Maybe in the future technology will allow sound to appear where the speakers are not located, line arrays can "steer" sound but the tech is not available yet for multi-channel all-in-one boxes. In your case, the most extreme of a giant projection screen the LAST thing I would do is use a soundbar! It is not the soundbar's "fault", they were never designed to do that in the first place. I'm not a soundbar "hater", they work well and I have spec'd and set up a few of them for family and friends. A great solution as long as you know the limitations going in. Just as my smart speaker will not give me high fidelity, it can't no matter how much money I throw at it. A soundbar can't accurately mimic a movie theater because it can't no matter how much money you throw at it. An all in one boombox can't mimic a proper 2 channel stereo because the speakers can't detach. No problem, most people know the limitations going in and if the solution works in with those limitations then go for it.
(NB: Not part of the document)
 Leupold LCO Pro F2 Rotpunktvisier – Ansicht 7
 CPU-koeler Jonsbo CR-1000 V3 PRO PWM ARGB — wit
Since you have unlimited funds but very limited time or technical knowledge--you can hire people from a theater place to evaluate, install and wire everything up to get the best sound quality within the constraints of your room. In wall speakers, onwall speakers, acoustic screens, wireless surrounds and the entire system can vanish without taking up much space. It will cost you some cash but at least you will get what you want. I am assuming you have a screen that allows sound to pass through, if not get one that does. I would hide the three speakers behind the screen (6 speaker wires) and you can get wireless rear surrounds by using studio speakers for whatever level of sound quality you desire. Atmos? Well, it can also be "wireless" but you need to provide power outlets in your ceiling--that depends on how far you want to go. Putting power outlets in the ceiling will cost some bucks but you don't seem to be worried about cost.
In summation, a soundbar does what it does but it can't give realistic sound with a 150 inch screen! If you want 2 channel music, you have to follow those rules to get it to work properly. Atmos? Follow those rules and so on. I would love it if a soundbar could do that, the movies theaters around the world would be switching rapidly if it worked! You can bet those touring bands would love to throw a giant soundbar on the stage and be done with it. I really, really, REALLY wish it would work as I'd buy one! However, it does not so respect what it can do and be aware of their limits no matter how much money you throw at it. Maybe in the future that will change but I am not holding my breath for a King Kong sized soundbar becoming available to be spaced properly for 150 inch screens.
You can get one designed and built to do that, millions of people around the world have built speakers to custom spec be they for theaters, pro sound, touring sound, automotive sound or for people that want high SPL from 5 watt tube amps--you can have custom speakers built to your specific needs but it will cost you! Just points to ponder, sound does what it does and you have to play by it's rules... Realistically, a projection screen is far beyond what soundbars are designed to do so look at solutions for projection screen sound. Good luck.